Dunia luar terlalu bebas, terlalu banyak orang mersa besar, tapi tidak mau membersihkan dirinya sendiri. Terlalu banyak orang yang bicara soal perubahan, tapi malas merapikan berkasnya. Saya
Kehidupan di Pondok Pesantren Al-Musthofa ini ibarat tarikan napas yang dua arah. Kami menghirup ilmu di bangku kuliah, lalu mengembuskanya dalam keheningan malam yang sarat zikir dan adab. Pagi kami dipenuhi dengan slide presentasi dan teori-teori akademik. Tapi sore hingga malam, kami harus kembali memegang ember, menyapu daun kering, mencuci bekas makan, atau mengatur sandal-sandal di teras masjid.
Roan memang tak pernah tercatat dalam kurikulum kampus, tapi ia menjadi pelajaran penting paling konkret tentang kepemimpinan, ketelatenan, dan kesetiaan pada kebersamaan. Saya belajar bahwa membersihkan sesuatu bersama dengan teman bisa lebih berarti daripada debat filsafat yang panjang tapi kering dari pengalaman.
Kiai kami bukan tipe banyak bicara. Tapi gesturnya, cara beliau membungkuk mengambil sampah kecil, atau mengatur posisi tempat sampah yang miring, sampai di saat kami sudah selesai membersihkan semuanya, beliau tetap mengecek sampai membenahi semisal ada yang kurang pas. Dari situlah kami merasakan bahwa ada pesan-pesan yang hanya bisa dibaca oleh mereka yang punya hati. Dan saya bersyukur menjadi bagian dari mereka meski dulu tidak peka; kini perlahan mulai mengerti.

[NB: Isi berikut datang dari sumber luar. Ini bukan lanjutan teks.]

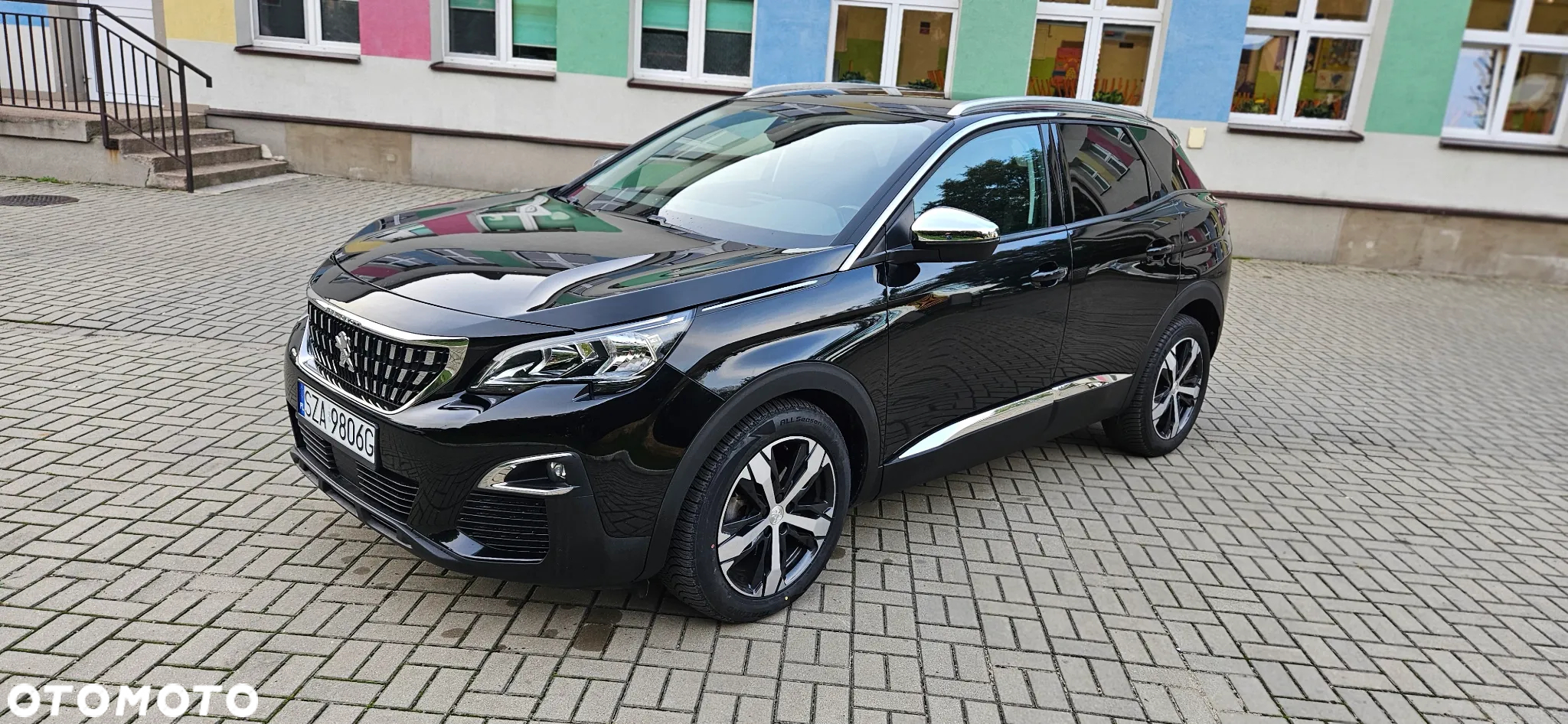 Peugeot 3008 BlueHDi 120 Stop & Start Business-Line - 3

Pondok pesantren bukanlah tempat untuk mencari kemewahan. Tapi tempat menempa kepekaan. Di sini, tangan terbiasa bekerja, mata terbiasa melihat celah, dan hati terbiasa membaca hal-hal yang tak terucap. Maka jangan heran jika setelah keluar dari pondok, ada orang-orang yang tampak biasa aja, tapi di dalam dirinya tertanam rasa tanggung jawab yang luar biasa.
Hidup bukan soal besar atau kecilnya perbuatan. Tapi soal kesungguhan dalam mengerjakan hal yang terlihat sepele. Jangan remehkan kebiasaan menyapu, menata sandal, atau hal kecil lainya. Bisa jadi, itu adalah pelajaran paling abadi yang kita bawa dari pondok.
Dan jika suatu saat nanti kita hidup di luar pondok, lalu tanpa sadar tangan kita mengambil sapu ketika melihat kotoran kecil di lantai, ketahuilah bahwa itu bukan hanya geraknya tangan, tapi juga geraknya hati. Sebuah warisan yang kita dapat dari tempat tercinta kita, yaitu Pondok Pesantren Mahasiswa Al-Muthofa, Ngeboran.